Once you find the line with "26560ZQ00A REFLEX REFLECTOR ASSY-RH" in the listing below, set down exactly every line from it through the line with "HALLE BERRY Out", but no pictures.

== Record extracts ==
[Start of section]
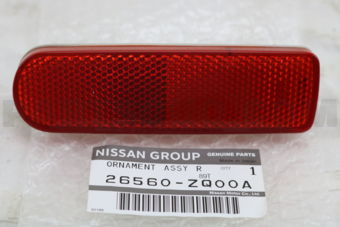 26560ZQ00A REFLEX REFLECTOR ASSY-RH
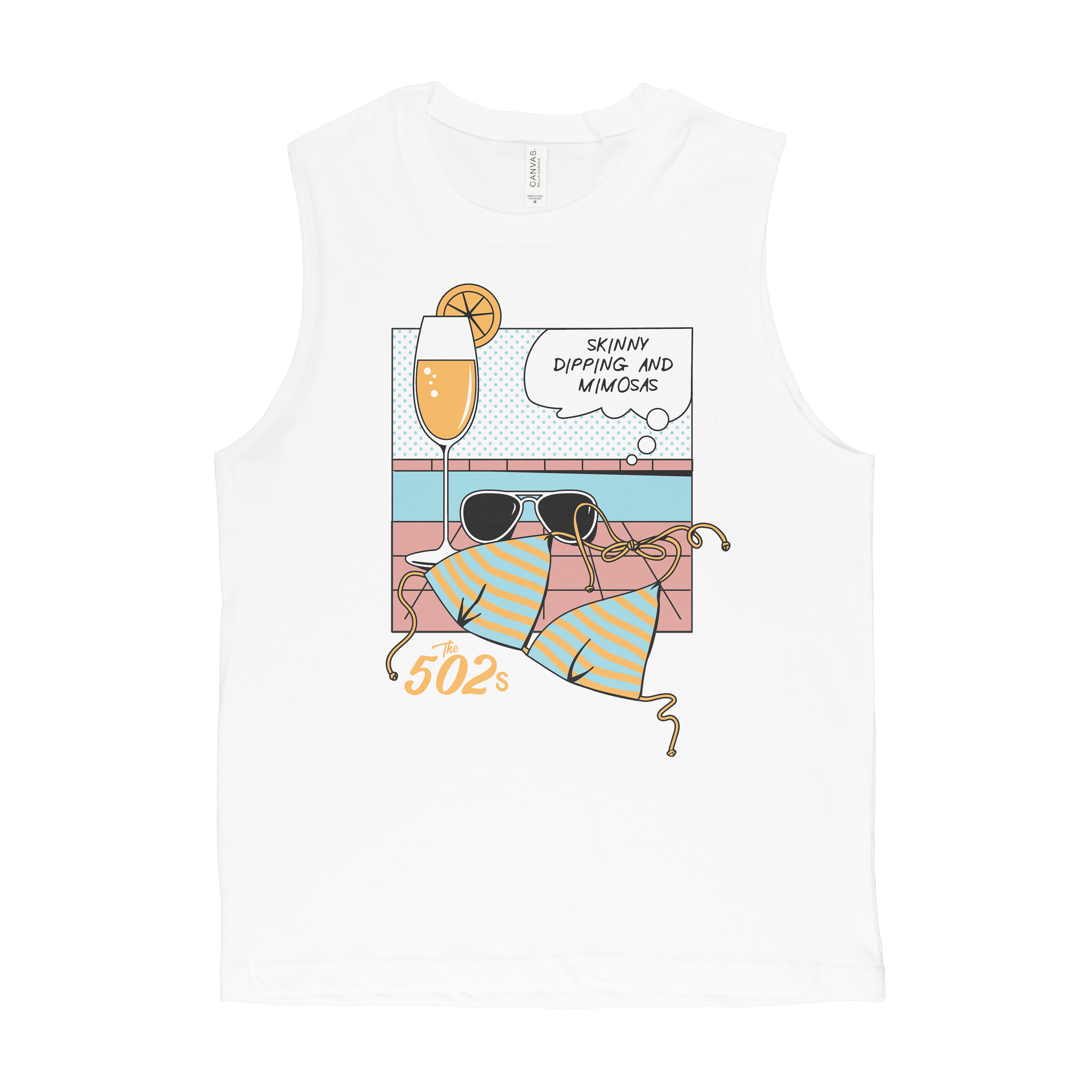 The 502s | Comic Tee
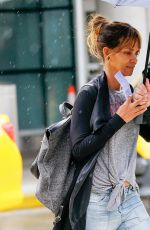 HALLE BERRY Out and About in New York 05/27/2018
[End of section]
[Start of section]
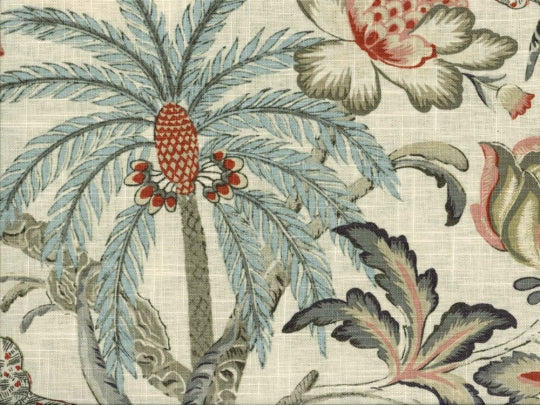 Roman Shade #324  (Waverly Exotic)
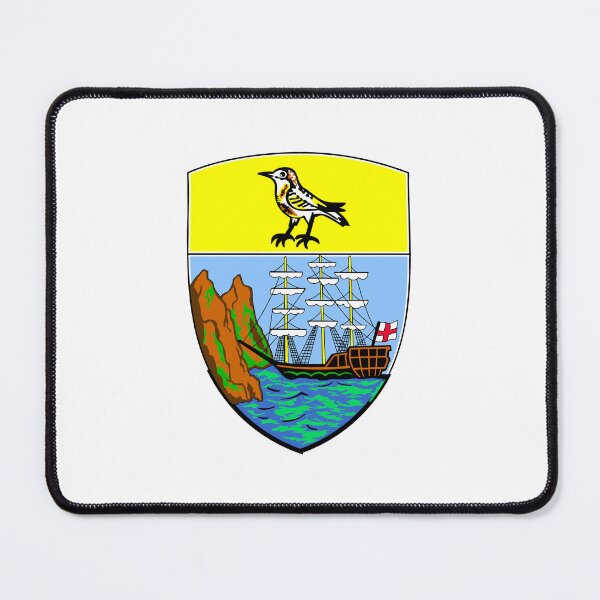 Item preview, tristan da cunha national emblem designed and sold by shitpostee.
[End of section]
== Response to this exercise ==
 26560ZQ00A REFLEX REFLECTOR ASSY-RH
 The 502s | Comic Tee
 HALLE BERRY Out and About in New York 05/27/2018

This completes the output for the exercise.